Pour les casseurs étrangers, la Suisse est une aubaine. Le supporter allemand reprend: «En Suisse, la scène des hooligans a grandi jusqu'à devenir un groupe important, une sorte de pouvoir. Le milieu qui gravite autour du FC Bâle n'aurait certainement jamais pu connaître la même évolution en Allemagne.»
L'internaute allemand s'explique: «Chez nous, les procédures contre les hooligans ou contre la «pyro» (ndlr: les flambeaux) dans les stades sont beaucoup plus sévères. On est confronté à une police spécialisée, à des unités de police surdimensionnées dans l'enceinte et autour du stade, à des Securitas dans les gares… C'est pour ça que de nombreux jeunes fans s'orientent vers la scène bâloise.»
Polices en chasse
Là encore, le supporter suisse est d'accord: «Les «hools» étrangers viennent passer un «bon moment» dans notre paisible Helvétie. Ses policiers sont moins rugueux que leurs homologues de l'étranger. En Suisse, ils peuvent s'amuser à moindre risque.» Polices et douanes ne sont pourtant pas inactives. Elles se renseignent. Patrick Gantenbein, porte-parole du Corps des gardes-frontière à Bâle, souligne que les grands matchs sont, à une échelle très réduite, des événements qui mobilisent les mêmes intervenants que la contestation du World Economic Forum de Davos. Aussi les Suisses sont-ils en contact avec la police du Bade Wurtemberg et la «Bundesgrenzschutz», la police des frontières allemande.
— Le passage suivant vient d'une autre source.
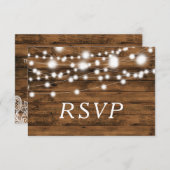 RSVP-Karte für String Lights Wood and Lace Einladung (Vorne/Hinten)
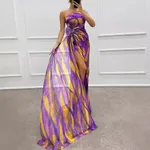 Chiffon Floral Print Slit Dress INS Casual Party Long Women's Clothing Dress - Purple
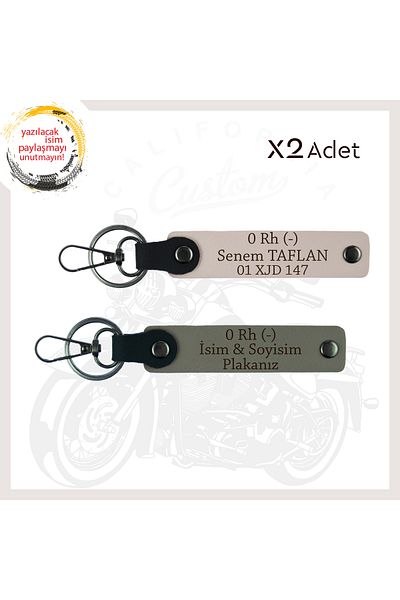 miawiki Name Plate and 0 Rh (-) Blood Type Written, 2 Key Chains, Ash Gray-Powder, Motorcycle Adventurers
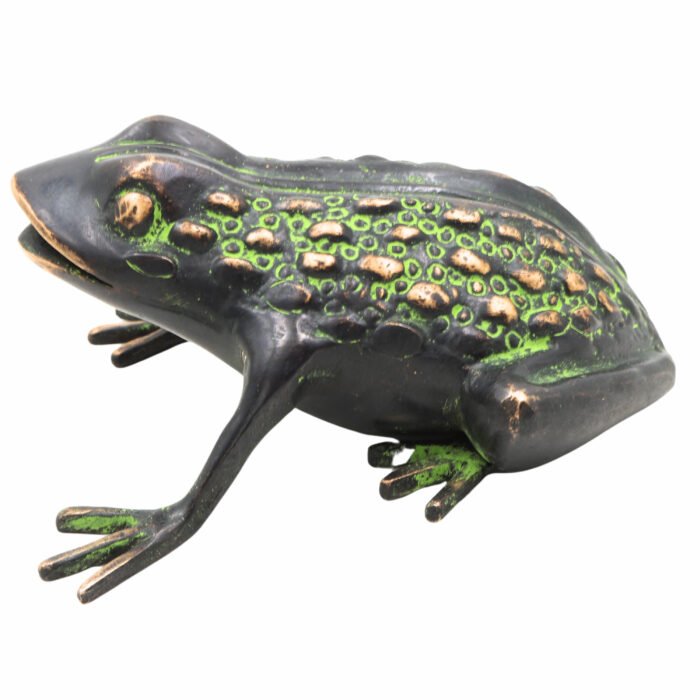 bhunes brass frog sculpture – handcrafted lucky feng shui frog statue for home décor & gifting,green, 3 inch, 1 piece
Il reste très difficile de recenser les milieux hooligans, qui se renouvellent rapidement. Mais leurs effectifs resteraient très limités. «A l'occasion du match entre Zurich et Bâle qui avait provoqué des échauffourées à fin octobre, nous avons été informés par la police allemande que dix à douze personnes avaient l'intention de venir en Suisse», relève Patrick Gantenbein. Mais certains Allemands seraient venus quelques jours plus tôt. Les voyages ne se prépareraient plus sur Internet, trop peu sûr, mais par téléphones portables.
L'Euro 2008 ne manque pas d'inquiéter les polices suisses. «D'autant qu'on réduit nos effectifs», se désole Patrick Gantenbein.